Look below for the line containing "Pendientes largos con"; from there, print each line exactly up to and including the line containing "PHILADELPHIA, PA - JANUARY", and stop.

──────

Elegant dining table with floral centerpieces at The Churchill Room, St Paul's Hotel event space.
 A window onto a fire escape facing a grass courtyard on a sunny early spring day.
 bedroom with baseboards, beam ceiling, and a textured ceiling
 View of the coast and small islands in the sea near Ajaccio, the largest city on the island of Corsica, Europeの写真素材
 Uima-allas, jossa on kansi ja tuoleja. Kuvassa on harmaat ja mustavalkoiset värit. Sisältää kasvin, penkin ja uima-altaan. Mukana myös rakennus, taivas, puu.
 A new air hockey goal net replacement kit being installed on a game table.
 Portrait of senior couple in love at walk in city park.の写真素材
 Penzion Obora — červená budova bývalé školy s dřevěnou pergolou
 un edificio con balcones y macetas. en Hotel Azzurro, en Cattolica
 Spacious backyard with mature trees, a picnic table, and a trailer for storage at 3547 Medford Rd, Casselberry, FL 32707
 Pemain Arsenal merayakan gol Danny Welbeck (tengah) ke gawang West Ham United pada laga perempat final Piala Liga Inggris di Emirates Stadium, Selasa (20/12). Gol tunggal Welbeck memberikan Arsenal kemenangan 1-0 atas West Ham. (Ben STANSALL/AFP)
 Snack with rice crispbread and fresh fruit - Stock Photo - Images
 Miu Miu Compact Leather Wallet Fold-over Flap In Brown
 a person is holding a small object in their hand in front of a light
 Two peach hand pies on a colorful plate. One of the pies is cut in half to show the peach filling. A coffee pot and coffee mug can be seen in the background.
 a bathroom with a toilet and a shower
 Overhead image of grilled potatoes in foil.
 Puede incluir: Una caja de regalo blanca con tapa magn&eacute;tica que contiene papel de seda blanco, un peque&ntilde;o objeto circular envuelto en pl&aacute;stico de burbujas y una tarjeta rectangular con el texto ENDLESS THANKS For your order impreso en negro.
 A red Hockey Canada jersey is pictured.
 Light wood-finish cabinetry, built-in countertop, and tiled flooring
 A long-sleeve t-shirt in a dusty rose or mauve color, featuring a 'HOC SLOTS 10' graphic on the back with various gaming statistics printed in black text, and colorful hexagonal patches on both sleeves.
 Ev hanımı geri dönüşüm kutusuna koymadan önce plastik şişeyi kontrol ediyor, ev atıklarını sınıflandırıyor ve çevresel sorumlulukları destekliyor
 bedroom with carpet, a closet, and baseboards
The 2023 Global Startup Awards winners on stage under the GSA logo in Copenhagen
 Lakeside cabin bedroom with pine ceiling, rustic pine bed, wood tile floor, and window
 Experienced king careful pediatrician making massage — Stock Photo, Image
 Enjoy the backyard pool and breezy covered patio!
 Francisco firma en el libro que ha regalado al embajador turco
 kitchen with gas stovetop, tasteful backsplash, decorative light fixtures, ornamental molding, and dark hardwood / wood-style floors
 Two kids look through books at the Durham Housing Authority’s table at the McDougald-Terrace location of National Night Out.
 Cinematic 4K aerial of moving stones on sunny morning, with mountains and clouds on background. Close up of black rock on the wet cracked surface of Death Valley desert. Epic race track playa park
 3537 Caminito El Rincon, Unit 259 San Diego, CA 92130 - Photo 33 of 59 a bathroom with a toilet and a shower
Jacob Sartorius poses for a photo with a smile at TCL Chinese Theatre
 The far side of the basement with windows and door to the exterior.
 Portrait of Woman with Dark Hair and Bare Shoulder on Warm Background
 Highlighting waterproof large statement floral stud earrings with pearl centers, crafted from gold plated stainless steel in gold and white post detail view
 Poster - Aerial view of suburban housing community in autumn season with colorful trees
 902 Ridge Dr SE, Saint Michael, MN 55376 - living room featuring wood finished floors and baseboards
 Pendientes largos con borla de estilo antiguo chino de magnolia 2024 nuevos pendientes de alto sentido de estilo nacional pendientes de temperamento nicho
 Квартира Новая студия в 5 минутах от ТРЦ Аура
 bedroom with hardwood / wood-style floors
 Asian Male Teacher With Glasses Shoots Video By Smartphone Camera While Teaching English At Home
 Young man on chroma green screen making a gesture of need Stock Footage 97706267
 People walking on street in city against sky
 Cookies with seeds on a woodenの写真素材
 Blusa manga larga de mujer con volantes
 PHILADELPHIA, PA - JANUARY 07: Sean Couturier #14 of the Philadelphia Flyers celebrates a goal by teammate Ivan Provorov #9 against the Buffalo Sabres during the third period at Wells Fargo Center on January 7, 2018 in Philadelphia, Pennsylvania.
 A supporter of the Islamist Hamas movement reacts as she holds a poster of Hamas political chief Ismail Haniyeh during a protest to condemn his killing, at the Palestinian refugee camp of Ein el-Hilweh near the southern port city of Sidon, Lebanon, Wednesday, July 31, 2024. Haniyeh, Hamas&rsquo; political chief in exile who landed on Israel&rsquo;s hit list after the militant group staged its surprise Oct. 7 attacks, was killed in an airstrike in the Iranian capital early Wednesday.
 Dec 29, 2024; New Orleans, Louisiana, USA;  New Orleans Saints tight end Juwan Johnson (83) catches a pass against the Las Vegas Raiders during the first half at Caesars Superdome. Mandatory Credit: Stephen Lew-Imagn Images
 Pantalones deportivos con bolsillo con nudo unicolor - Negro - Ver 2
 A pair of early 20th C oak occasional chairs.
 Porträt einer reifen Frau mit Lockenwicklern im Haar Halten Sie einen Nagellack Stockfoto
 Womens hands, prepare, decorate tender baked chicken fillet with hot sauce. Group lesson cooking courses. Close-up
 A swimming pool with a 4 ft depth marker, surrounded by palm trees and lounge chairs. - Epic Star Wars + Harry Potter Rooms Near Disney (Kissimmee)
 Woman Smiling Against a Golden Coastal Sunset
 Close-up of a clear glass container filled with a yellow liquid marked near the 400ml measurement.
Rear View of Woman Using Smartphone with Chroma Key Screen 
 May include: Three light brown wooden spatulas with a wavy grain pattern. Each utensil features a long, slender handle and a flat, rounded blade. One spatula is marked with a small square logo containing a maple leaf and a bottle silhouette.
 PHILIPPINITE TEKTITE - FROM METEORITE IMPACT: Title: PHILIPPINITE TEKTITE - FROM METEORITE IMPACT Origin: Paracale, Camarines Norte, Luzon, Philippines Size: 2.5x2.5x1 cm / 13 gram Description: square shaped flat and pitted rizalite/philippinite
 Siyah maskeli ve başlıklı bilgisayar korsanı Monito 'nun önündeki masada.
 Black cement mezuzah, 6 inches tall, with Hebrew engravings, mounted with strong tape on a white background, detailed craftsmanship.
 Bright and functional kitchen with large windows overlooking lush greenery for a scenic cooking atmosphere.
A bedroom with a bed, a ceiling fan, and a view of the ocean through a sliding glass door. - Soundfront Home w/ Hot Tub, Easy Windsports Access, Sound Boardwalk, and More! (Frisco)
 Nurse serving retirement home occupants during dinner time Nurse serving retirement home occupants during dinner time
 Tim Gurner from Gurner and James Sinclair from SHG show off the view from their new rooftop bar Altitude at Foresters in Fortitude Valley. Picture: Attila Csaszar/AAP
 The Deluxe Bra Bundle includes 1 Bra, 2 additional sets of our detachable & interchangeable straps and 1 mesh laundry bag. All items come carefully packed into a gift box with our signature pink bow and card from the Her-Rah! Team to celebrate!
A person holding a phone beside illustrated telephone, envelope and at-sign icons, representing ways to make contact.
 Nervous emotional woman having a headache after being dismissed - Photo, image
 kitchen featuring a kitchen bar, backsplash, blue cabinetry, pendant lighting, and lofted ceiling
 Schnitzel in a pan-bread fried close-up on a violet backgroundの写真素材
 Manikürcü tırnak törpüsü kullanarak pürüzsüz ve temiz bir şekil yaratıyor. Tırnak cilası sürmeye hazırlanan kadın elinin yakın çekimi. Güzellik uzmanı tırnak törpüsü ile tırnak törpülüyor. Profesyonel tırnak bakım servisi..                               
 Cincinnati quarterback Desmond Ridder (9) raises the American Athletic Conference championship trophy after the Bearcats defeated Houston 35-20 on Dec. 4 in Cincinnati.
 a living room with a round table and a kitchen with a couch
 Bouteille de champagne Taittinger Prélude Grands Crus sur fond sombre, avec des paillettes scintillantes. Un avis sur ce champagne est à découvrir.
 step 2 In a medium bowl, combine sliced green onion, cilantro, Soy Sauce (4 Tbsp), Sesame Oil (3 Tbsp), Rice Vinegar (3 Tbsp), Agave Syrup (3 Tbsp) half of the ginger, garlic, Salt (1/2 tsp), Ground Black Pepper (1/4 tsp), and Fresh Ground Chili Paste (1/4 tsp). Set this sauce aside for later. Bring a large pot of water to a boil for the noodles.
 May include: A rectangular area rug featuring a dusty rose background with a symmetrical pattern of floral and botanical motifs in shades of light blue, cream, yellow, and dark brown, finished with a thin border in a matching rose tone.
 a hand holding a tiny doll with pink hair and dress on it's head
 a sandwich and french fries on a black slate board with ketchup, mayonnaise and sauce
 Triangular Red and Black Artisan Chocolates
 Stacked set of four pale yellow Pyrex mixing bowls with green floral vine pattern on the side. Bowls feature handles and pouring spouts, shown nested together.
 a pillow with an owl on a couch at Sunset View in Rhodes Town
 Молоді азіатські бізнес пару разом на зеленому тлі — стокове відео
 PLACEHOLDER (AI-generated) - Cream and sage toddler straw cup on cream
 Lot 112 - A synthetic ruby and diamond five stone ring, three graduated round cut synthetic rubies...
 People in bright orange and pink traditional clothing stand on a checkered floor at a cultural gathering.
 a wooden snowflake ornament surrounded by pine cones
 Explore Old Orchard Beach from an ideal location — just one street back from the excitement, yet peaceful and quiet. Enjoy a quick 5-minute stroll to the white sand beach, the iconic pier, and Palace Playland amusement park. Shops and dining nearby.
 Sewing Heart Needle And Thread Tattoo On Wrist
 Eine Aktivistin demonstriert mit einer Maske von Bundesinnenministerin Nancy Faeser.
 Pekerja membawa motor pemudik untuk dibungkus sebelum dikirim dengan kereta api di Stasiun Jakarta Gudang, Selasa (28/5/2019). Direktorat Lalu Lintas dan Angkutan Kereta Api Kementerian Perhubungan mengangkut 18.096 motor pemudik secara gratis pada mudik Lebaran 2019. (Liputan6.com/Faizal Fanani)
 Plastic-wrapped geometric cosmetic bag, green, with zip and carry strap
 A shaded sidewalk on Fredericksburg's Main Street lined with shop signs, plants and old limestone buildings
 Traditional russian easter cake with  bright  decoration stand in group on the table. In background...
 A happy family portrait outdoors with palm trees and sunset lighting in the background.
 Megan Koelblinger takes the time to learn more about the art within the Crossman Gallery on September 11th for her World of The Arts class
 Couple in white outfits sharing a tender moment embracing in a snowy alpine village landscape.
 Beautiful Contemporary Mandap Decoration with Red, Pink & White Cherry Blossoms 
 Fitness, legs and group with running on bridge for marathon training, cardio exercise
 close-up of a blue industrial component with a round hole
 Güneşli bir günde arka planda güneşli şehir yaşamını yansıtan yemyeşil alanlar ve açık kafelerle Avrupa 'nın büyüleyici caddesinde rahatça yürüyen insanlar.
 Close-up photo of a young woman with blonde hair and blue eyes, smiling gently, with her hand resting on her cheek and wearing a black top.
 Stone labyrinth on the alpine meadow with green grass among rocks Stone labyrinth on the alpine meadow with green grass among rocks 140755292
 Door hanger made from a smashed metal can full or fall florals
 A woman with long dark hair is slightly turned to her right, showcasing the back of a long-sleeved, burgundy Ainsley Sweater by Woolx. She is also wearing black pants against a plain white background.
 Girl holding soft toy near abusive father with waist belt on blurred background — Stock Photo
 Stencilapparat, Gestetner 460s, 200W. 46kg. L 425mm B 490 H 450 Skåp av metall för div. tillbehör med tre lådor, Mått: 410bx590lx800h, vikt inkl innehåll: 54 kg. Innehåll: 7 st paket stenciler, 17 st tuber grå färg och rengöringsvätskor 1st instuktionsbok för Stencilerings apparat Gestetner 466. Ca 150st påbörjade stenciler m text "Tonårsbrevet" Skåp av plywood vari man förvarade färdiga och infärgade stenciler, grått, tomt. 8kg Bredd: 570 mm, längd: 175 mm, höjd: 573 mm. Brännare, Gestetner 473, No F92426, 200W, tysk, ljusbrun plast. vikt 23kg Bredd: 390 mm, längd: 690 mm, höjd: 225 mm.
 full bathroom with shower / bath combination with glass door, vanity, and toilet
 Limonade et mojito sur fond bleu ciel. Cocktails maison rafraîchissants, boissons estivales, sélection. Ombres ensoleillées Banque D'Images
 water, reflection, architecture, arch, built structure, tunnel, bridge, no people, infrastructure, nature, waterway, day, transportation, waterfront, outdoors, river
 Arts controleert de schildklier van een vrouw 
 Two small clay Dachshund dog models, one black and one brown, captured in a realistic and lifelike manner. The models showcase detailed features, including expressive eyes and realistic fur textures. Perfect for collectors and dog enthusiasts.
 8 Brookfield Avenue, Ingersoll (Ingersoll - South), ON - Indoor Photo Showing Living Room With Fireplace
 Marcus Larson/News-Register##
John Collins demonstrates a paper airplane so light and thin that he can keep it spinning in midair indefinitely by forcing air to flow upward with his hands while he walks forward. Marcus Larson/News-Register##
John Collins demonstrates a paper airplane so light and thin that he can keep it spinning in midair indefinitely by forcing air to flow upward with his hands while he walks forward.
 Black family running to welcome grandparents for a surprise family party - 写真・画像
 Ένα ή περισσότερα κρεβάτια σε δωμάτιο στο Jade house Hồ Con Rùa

──────

[RESPONSE AREA]:
 Pendientes largos con borla de estilo antiguo chino de magnolia 2024 nuevos pendientes de alto sentido de estilo nacional pendientes de temperamento nicho
 Квартира Новая студия в 5 минутах от ТРЦ Аура
 bedroom with hardwood / wood-style floors
 Asian Male Teacher With Glasses Shoots Video By Smartphone Camera While Teaching English At Home
 Young man on chroma green screen making a gesture of need Stock Footage 97706267
 People walking on street in city against sky
 Cookies with seeds on a woodenの写真素材
 Blusa manga larga de mujer con volantes
 PHILADELPHIA, PA - JANUARY 07: Sean Couturier #14 of the Philadelphia Flyers celebrates a goal by teammate Ivan Provorov #9 against the Buffalo Sabres during the third period at Wells Fargo Center on January 7, 2018 in Philadelphia, Pennsylvania.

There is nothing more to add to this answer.